Release v0.9.1 · axolotl-ai-cloud/axolotl

Efficiency & Performance

Axolotl delivers demonstrably faster training due to improved packing and kernels, allowing you to accomplish more in less time. Our benchmarks show that we outperform the next faster trainer by 30% on real world workloads that translate directly to increased productivity and faster time-to-results.

Axolotl delivers this performance advantage while consuming less VRAM and eliminating resource spikes throughout your training runs.

Get started on Google Colab

Fine-tune your own Qwen3-14B for free on Google Colab: https://colab.research.google.com/drive/1EscYgLM38dWMcG5IyJz1qHl3VO7a2hZz

🚨 Breaking Changes & Deprecations

PyTorch 2.4.1 Support Removed

Support for torch==2.4.1 has been officially removed. Please upgrade to a newer version of PyTorch. (by @winglian in #2582)

🎉 New Features

Greatly Improved Sample Packing

We've implemented an improved Parallel Bin Packing algorithm that achieves ~99% packing efficiency on most datasets. This can improve your workload throughput by up to 10%. (by @winglian in #2631)
pad_to_sequence_len is now automatically enabled when using sample packing for better performance and stability. (by @winglian in #2607)

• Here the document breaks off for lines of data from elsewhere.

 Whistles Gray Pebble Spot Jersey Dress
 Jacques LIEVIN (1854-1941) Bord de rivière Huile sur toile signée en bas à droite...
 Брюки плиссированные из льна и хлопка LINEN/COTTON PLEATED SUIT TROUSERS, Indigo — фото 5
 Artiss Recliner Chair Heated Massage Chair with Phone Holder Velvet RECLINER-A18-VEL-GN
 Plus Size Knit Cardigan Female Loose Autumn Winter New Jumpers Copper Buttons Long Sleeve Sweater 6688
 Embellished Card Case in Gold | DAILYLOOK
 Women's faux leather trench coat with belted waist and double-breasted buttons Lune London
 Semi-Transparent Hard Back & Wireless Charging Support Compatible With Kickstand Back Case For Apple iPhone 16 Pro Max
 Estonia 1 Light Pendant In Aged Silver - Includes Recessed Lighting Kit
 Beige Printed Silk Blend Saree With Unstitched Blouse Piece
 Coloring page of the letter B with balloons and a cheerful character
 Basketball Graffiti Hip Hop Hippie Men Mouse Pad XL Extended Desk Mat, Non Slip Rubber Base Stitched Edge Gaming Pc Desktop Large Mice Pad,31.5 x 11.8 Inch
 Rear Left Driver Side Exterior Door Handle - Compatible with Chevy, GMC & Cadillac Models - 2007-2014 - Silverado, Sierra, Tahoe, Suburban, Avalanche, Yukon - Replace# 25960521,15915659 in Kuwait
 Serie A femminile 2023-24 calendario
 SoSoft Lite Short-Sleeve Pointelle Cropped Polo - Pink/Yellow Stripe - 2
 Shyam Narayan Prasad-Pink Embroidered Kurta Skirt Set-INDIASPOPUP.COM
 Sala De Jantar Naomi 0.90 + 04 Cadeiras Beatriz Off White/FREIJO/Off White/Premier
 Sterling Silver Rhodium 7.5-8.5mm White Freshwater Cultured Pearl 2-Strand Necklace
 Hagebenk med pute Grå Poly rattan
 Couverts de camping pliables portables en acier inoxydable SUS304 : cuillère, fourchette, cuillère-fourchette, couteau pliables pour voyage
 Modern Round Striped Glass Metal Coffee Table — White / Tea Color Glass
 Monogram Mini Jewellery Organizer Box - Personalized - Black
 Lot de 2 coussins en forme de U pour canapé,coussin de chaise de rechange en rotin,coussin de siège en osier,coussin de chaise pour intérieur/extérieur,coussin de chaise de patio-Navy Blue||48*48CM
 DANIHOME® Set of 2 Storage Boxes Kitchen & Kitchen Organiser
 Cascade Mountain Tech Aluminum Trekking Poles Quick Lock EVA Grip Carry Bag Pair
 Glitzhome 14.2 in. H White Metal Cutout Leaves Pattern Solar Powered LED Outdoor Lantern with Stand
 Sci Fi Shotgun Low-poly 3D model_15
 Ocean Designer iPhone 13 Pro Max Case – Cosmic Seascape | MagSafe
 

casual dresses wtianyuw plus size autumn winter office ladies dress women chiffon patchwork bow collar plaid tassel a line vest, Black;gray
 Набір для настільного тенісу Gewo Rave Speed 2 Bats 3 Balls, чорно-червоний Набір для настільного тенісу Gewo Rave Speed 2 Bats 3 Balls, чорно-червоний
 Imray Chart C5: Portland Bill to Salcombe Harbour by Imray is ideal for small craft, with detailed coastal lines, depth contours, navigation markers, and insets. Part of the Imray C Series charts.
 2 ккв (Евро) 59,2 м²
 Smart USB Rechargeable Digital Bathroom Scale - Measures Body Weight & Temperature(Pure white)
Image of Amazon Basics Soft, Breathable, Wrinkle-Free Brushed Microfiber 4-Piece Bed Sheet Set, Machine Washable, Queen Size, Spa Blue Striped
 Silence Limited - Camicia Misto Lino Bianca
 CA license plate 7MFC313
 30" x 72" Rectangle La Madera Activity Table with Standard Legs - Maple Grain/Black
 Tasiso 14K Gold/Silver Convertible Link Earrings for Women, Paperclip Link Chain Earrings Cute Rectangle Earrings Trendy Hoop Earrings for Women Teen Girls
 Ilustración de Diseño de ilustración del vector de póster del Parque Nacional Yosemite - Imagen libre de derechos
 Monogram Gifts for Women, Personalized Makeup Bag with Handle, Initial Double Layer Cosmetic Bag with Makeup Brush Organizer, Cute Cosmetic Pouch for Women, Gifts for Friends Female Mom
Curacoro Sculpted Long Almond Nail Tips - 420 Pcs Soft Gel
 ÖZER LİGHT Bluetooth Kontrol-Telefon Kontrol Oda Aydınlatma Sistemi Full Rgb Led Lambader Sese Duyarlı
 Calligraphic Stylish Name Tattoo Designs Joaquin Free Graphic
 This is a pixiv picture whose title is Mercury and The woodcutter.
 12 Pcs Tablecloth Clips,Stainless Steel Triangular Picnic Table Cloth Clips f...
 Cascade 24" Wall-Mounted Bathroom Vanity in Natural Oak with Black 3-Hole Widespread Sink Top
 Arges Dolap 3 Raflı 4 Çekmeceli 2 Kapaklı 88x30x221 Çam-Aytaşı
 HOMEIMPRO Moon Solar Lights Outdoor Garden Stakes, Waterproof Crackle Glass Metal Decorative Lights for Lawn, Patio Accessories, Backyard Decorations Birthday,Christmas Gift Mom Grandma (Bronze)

Xformers Attention for Packed Sequences

Added support for using xformers optimized attention with packed sequences in fp16, boosting training speed even further. (by @winglian in #2619)

Support fine-tuning Text-to-Speech model with LLM backbone

Axolotl now supports training a Text-to-Speech (TTS) model on top of an LLM. (by @mhenrichsen in #2614)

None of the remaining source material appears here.